The movie I had set to record during the night(and I was looking forward to watching the next day) stopped halfway because the PVR froze…just MY typical “luck!” These things ALWAYS happen to ME and it’s always MY shows that end up erased, deleted, or stop recording! Nothing ever works for me or ever goes right and I’m so sick of it. I’m tired of my bad luck,I’m tired of always falling on the bad percentage side of things, I’m tired of hating myself and my life, I’m tired of being fat,ugly,stupid,and deformed,I’m tired of how I look and feel,I’m tired of my limits, I’m tired of the way my family treats me, I’m tired of living in a place I hate but can’t afford to leave, I’m tired of being unhappy, I’m tired of being stuck in a life I’m unable to change. I hate my stupid life and then I got yelled at for *being* mad; I’m not even allowed to GET upset and am just supposed to roll over and expected to accept it. I’m not even allowed to get mad or complain and I never have any support, sympathy, or understanding,and am always just blamed and told all I ever do is over-react, complain, get mad, and yell, even though I have every right to. I just wish I knew WHY everything always goes wrong and how to stop it.I honestly think I must be cursed. I don’t know how else to explain it. I keep waiting for things to go right, the way they’re supposed to, the way they do for other people, for my “break” to come….but they never do. I just want to be happy.Is it really too much to ask? Why is it so hard? Why is everything in my life always such a struggle?Why can’t I just be happy?

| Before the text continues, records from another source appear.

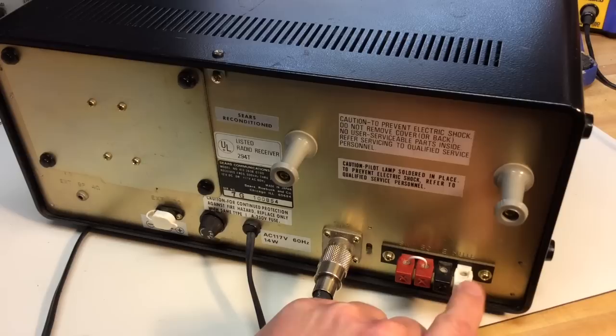So there we have it — a little look at the Yaesu FRG-7 from the 1970s, a general coverage receiver. Fun radio. I hope you found this helpful. Stay tuned — I hope to have more videos to come. I always appreciate you watching. So for now, 73.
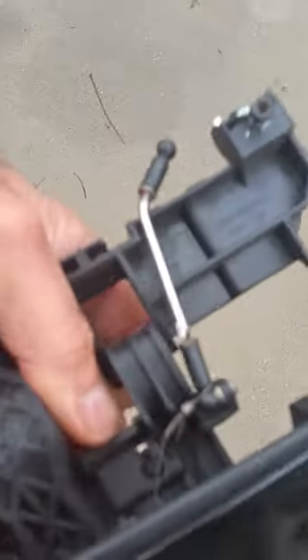That's it fully retracted and back open. It's all here — all you got to do is bolt it in.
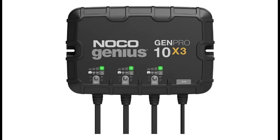Meet the all new GenPro 10X3, similar to our Gen3, only better. It's 27% smaller and delivers 33% more power. It's one of the best performing on-board marine battery chargers we have ever made.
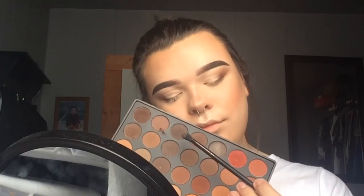After I have all the shadow packed onto my lid, I'm going to take that same dark brown shadow from the Morphe 35OM palette on the fluffy blending brush and blend that into the outer V of my eye. This is going to blend with the concealer nicely so there are no harsh lines where the concealer meets the eyeshadow on my lid. Then I'll take a clean blending brush on the outsides of that color to make sure everything is blended.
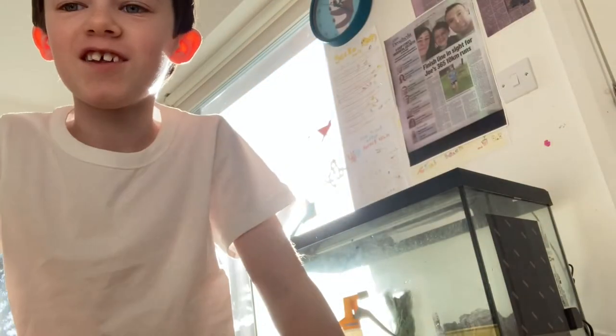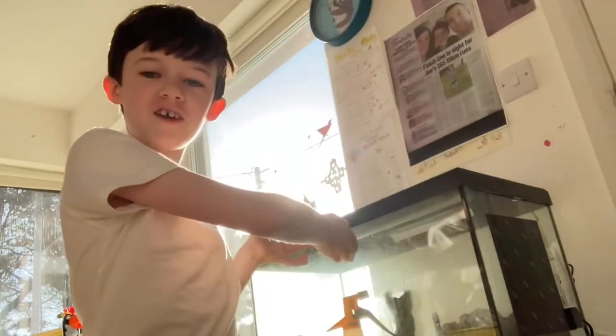Hello everyone, this is just a short video. I don't know if you knew, but I have pet hermit crabs in this enclosure here.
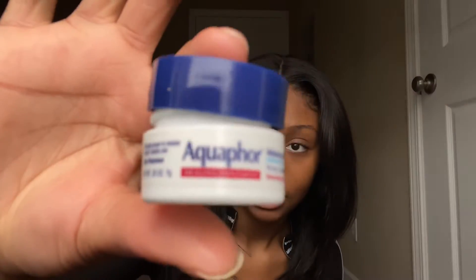Before I do anything I'm going to start off with moisturizing my lips and I might use this little Aqua for Healing one just to moisturize my lip. I'm going to be doing hair and makeup today. I've already moisturized my face, so now I have to prime.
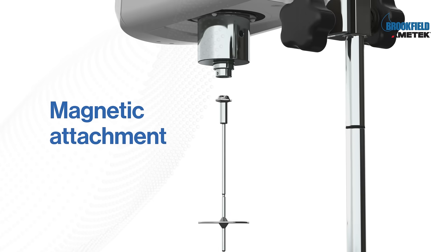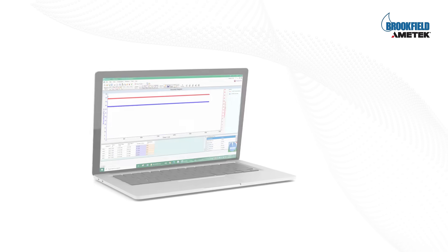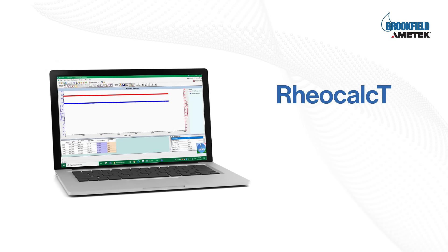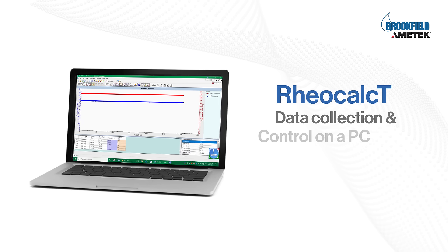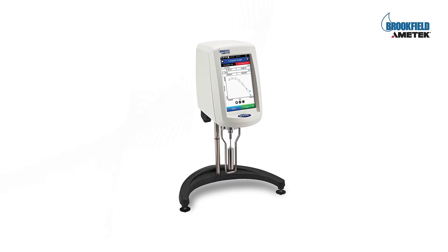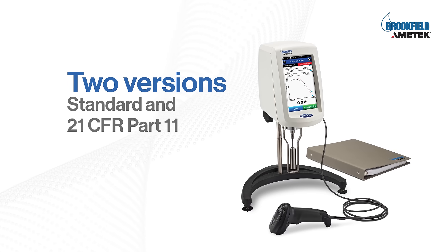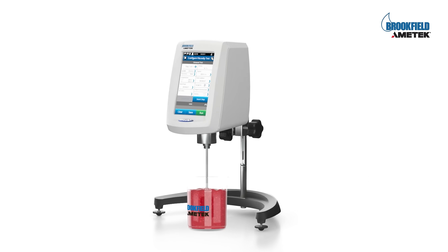Attach your spindle quickly and easily with the optional magnetic coupling system. With the help of RheoCalc T software, the DV Next rheometer can connect to a computer and perform advanced data collection and analysis. It's available in a standard version and a 21 CFR Part 11 compliant version as well.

As well, in church I saw The Rich Lady( a lady who looks so elegant, classy,and sophisticated and I admire) again, as were our old neighbours, and I noticed a lady sitting ahead of us had the same small offering in her tithing envelope as mine so I don’t feel quite as bad as ever since the gov’t cut off 95% of my $$$$ I can only give half what I used to and it makes me feel shitty,guilty, ashamed, and embarrassed for being so poor now and the 10 YR old chides me for being so “cheap” and I feel like shit, and when I said I hated having to go in the morning(as opposed to the evening when we usually do) the 16 YR old scoffed,”It’s not like you’re busy and have anything to do!” and it’s snide remarks like THAT that wound my soul; they always have hurtful comments like that to me, belittling,condescending, and insulting,and my cousin said to me,Have you EVER had a GOOD day?” and I told him,”Not since 1988, no, not really…” and a “Facebook” friend even de-friended me,too, because she said it was just too painful for her to keep hearing about how my family mistreats me and I’m powerless to do anything about it. My life sucks.
When our oldest’s flight landed he also sent me a message: “We disappeared. I think I’m in Malaysia.” I replied: “NOT FUNNY.”